Carbon fiber has a unique physical and chemical properties, widely used in aerospace, automotive, chemical, infrastructure, military, sports, energy, textile and other fields. However, the carbon-like graphite structure makes the surface chemically inert, the interface is low, the interface wetting property and the high temperature oxidation resistance are poor, and the chemical group with high reactivity is lacking, which makes the carbon fiber and other base material can not form between Effective interface coupling, the interface strength decreased, which seriously affect its mechanical properties. In addition, with the dye molecules between the low chemical bonding, making it difficult to dye, resulting in the development of carbon fiber products tone is too simple, it is difficult to meet the consumer demand for fashion.

The existing methods for achieving carbon fiber fabric coloring are: weaving about 50% of dyeable yarns such as glass fiber, polyester, copper, aramid, etc., but the mechanical properties of carbon fiber fabrics are correspondingly reduced; Apple announced A patent US7790637B2 changes the appearance color of the carbon fiber fabric by adding an additional "scrim". The University of Manchester has recently developed a new electrochromic resin that can be used as a carbon fiber prepreg to produce stable, reversible color changes under the applied electric field.

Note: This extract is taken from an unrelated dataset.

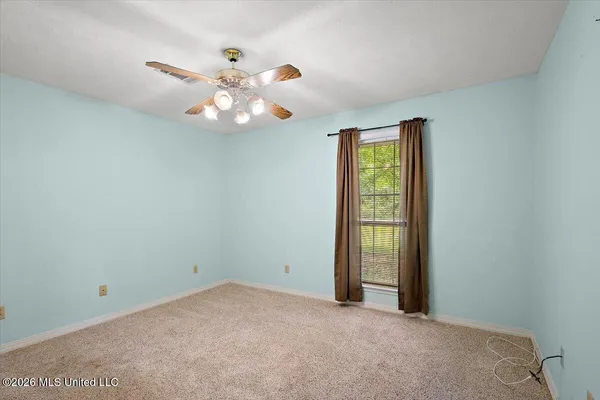 $255,000 | 201 Brookwood Drive, Vicksburg, MS 39183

Nevertheless, maintaining the high mechanical properties of the carbon fiber fabric while achieving its direct coloring is still a problem that scientists need to overcome. Recently, Professor Wang Shimin of Hubei University and Professor Xu Weilin of Wuhan Textile University have developed an effective and easy-to-use carbon fiber fabric coloring method, which is not only color adjustable but also has excellent washing resistance. This study has been published in the International Journal of Materials Science Topical Journal "ACSNano" (FacileandEffectiveColorationofDye-InertCarbonFiberFabricswithTunableColorsandExcellentLaunderingDurability). According to the introduction, the study mainly from the bionic structure of the idea of ​​color, the use of ALD (atomic layer deposition) technology in the carbon fiber / fabric surface construction of different sizes of amorphous TiO2 film, to achieve the carbon fiber and fabric coloring.

The structural color is a series of colorful biological colors produced by the physical effects of selective reflection, dispersion, scattering, interference, diffraction and transmission on visible light in a series of microscopic structures with special optical scales. The color of the structure has no pollution, no fading, high saturation brightness, no rainbow color effect of the coloring mechanism also makes it have other dyeing technology can not match the technical advantages and broad application prospects. This provides a new idea for the ecological coloring of carbon fibers.

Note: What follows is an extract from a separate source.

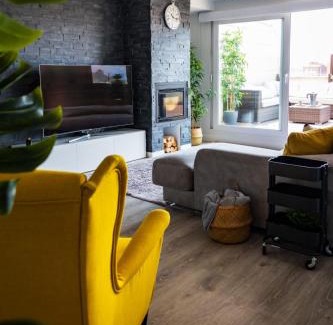 Distrito Oeste Apartment | Lujoso ático entre 2 playas con garaje, terraza, vistas y wifi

Nature of the structure of the color

Methods for constructing structural colors include sol-gel method, self-assembly, holographic lithography, inkjet printing, anodic oxidation, electrophoretic deposition, electrospinning and atomic layer deposition (ALD). ALD is a special chemical vapor deposition technology, due to self-limiting surface chemical reaction characteristics, atomic layer deposition technology has excellent shape retention, uniformity of large area growth and precise sub-monolayer film thickness controllable characteristics. Nano-level controllable chemical bonding growth and excellent shape-preserving properties make it both resistant to service characteristics, and easy to operate, high stability, free from the size and shape of the matrix material can control the composition of the film at the atomic level structure and Thickness, wide applicability, no pollution to the surrounding environment.

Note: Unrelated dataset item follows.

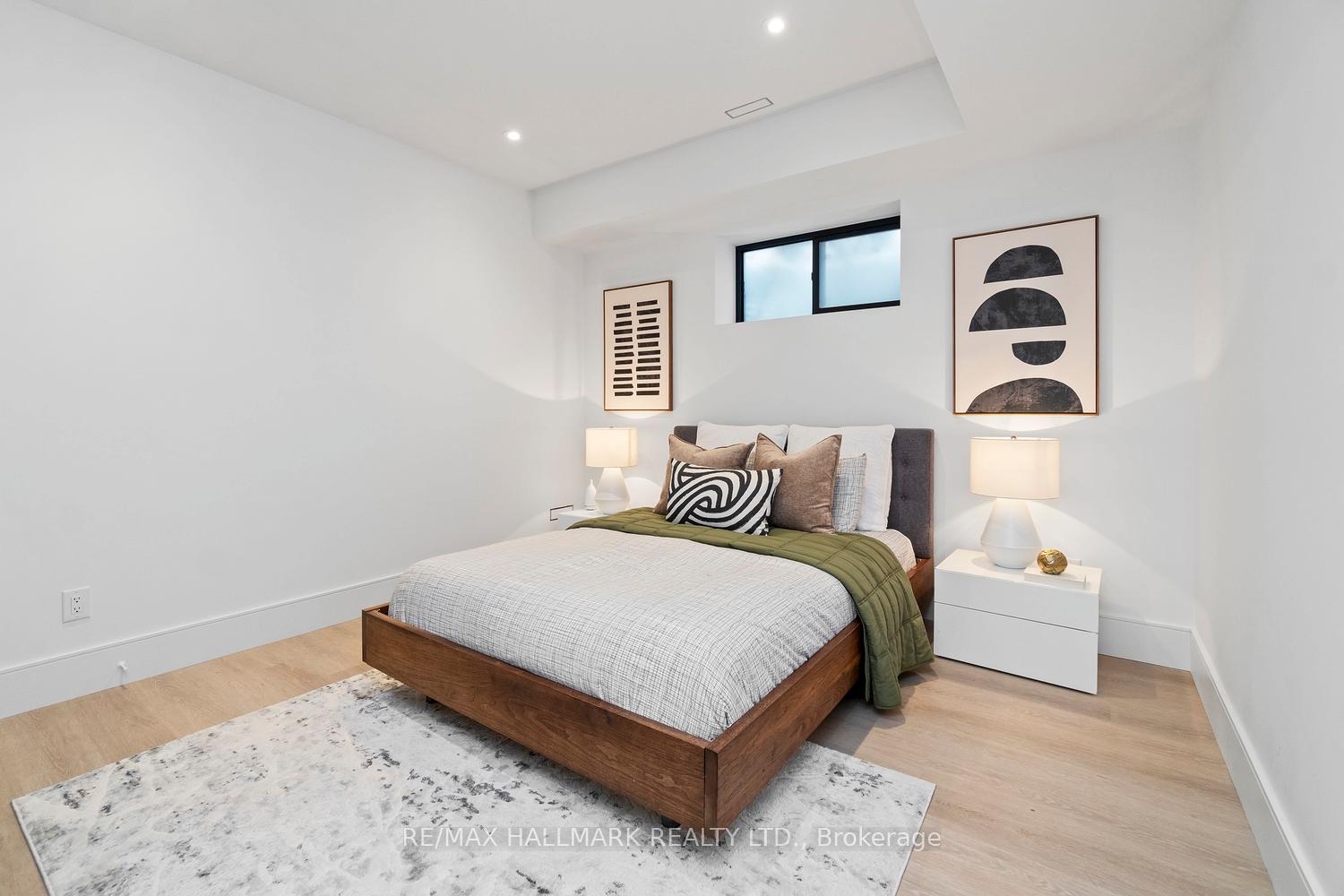 Photo 20 of 1403 Wren Avenue, Oakville, West — HOMEH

However, since the surface of the carbon fiber fabric is mainly a chemically inert sp2 bond, it is difficult to initiate the ALD reaction on the CFF. In this study, the use of carbon fiber surface defects and oxygen-containing functional groups (such as-OH and -COOH), can effectively start the growth characteristics of TiO2 film, first introduced TIP (titanium tetraisopropoxide), through the carbon fiber surface-OH or - (CH3) 2 on the surface of the carbon fiber and the introduction of H2O with -OCH (CH3) 2 to form a single layer of TiO2 film and exposed-OH, after each step, In addition to the remaining substances. By repeating the above ALD cycle number, the desired thickness of the TiO2 film can be precisely adjusted.

Around the carbon fiber around the TiO2 film

By controlling the thickness of amorphous TiO2 film, this study realizes the successful preparation of the three primary colors red, yellow and blue, and can change the thickness of the surface of the carbon fiber fabric by the combination of the three primary colors to obtain other different colors. And the resulting TiO2 film excellent washing performance, can withstand 50 times the washing. This result is the direction for achieving the ecological coloring of carbon fibers and their fabrics.